Une vie en CHSLD, la suite
Au lendemain d’un débat chez Denis Lévesque, l’ami André m’écrit, sans avertissement ni même p’tit bonjour :
– Man, j’espère que Gilles Proulx finira en CHSLD à son tour…
– Hein ?
– Sérieux, c’est vraiment de la marde qu’on vous demande de vous prononcer sur le fonctionnement des CHSLD, sur la chaîne de commandement, sans que ni lui ni toi sache comment ça fonctionne…
Il n’a pas tort, évidemment. Mais bon, c’est quand même irréaliste de penser, voire souhaiter, qu’un affrontement hebdomadaire puisse mettre aux prises deux spécialistes, au sens fort du terme, d’une panoplie de sujets autant variés.
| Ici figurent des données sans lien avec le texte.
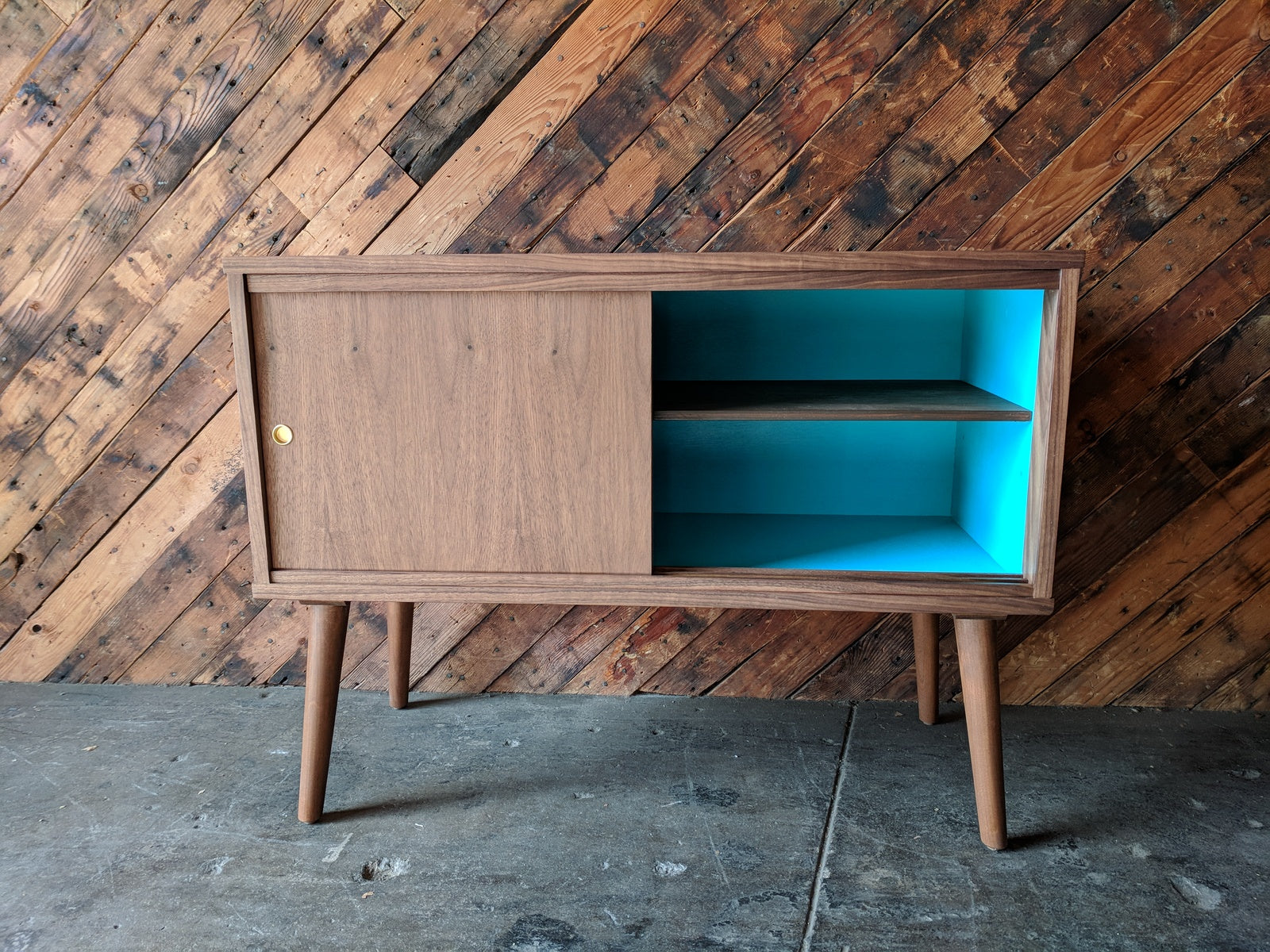 Custom Mid Century Style Walnut Cabinet with painted interior and sliding doors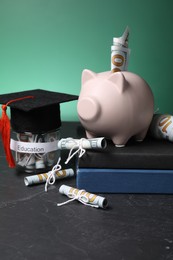 Photo of Piggy bank, graduate hat, books, dollar banknotes and glass jar with word Education on black table. Tuition payment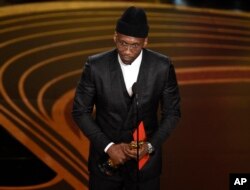 Mahershala Ali accepts the award for best performance by an actor in a supporting role for "Green Book" at the Oscars on Sunday, Feb. 24, 2019, at the Dolby Theatre in Los Angeles.
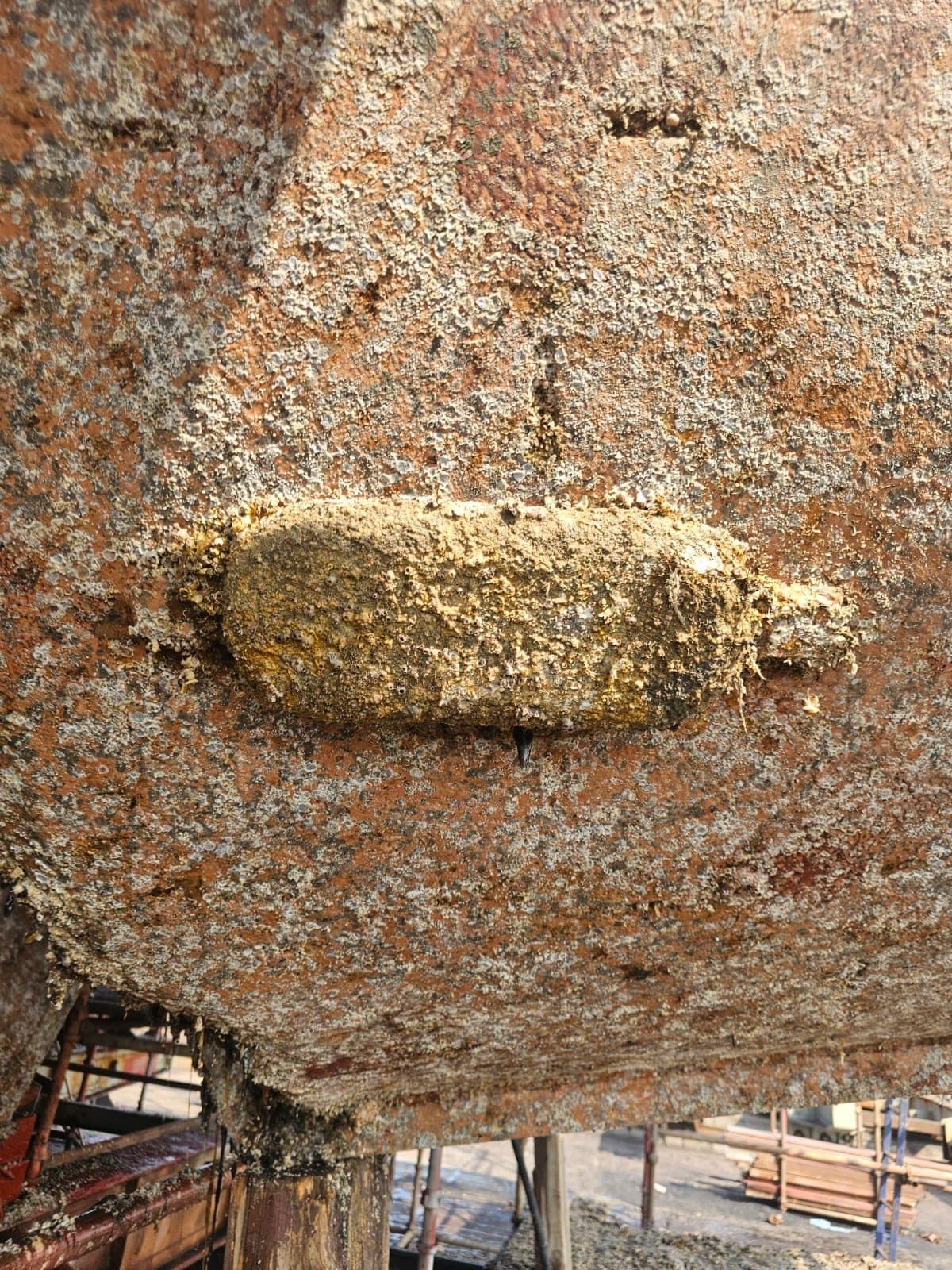 A consumed sacrificial anode on corroded steel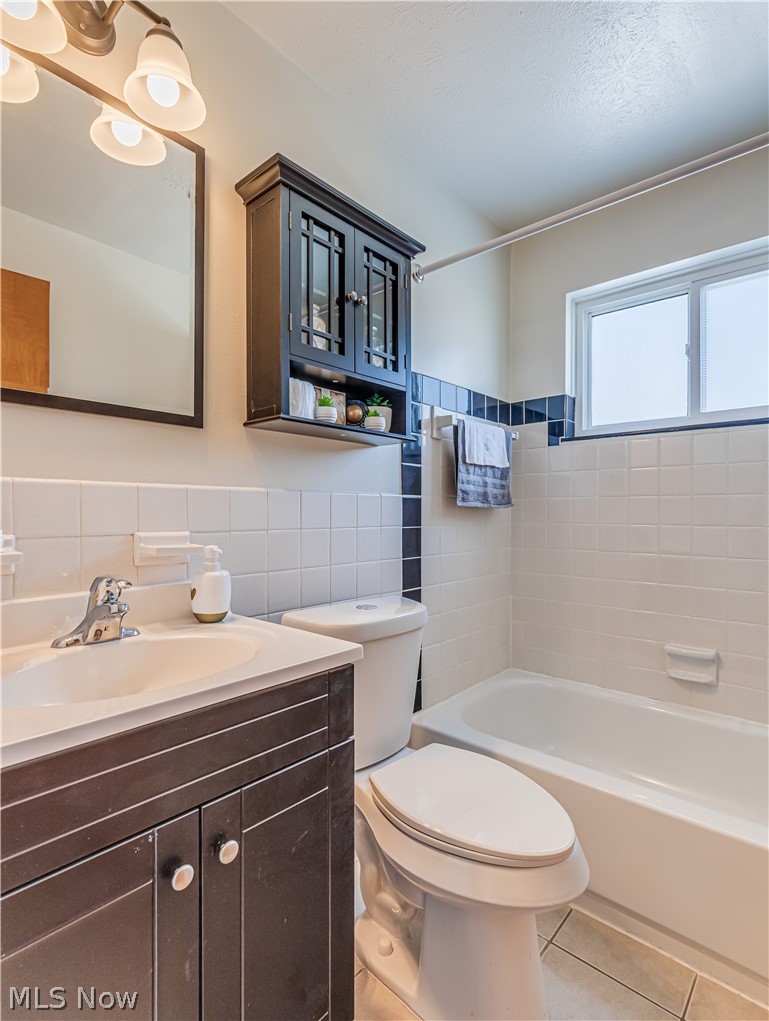 5382 Lee Road, Unit 204 Maple Heights, OH 44137 - Photo 14 of 15 Full bathroom featuring vanity, bathing tub / shower combination, and light tile patterned flooring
Cela étant, le propos d’André m’ébranle. Parce que lui, au contraire de Proulx et moi, connaît et comprend les rudiments de ces nids à décès cause-COVID. J’avais d’ailleurs discuté en ces pages, l’été dernier, de son enrôlement dans cette mission à haut risque. Sept mois plus tard, sa formation complétée et une tonne d’illustrations en tête, difficile de trouver meilleur témoin oculaire de la situation.
– Est-ce que j’ai dit une connerie ?
– Non. T’as même bien fait de répliquer à Proulx [qui s’attaquait au prétendu laxisme provoqué par le syndicalisme de la boîte] que tu préférais avoir 12 gars sur le terrain que dans des bureaux administratifs.
– Me souviens plus, mais ok, tant mieux alors.
– Parce que pour comprendre un vieux qui n’a plus sa tête mais qui est encore digne, ça prend des temps morts.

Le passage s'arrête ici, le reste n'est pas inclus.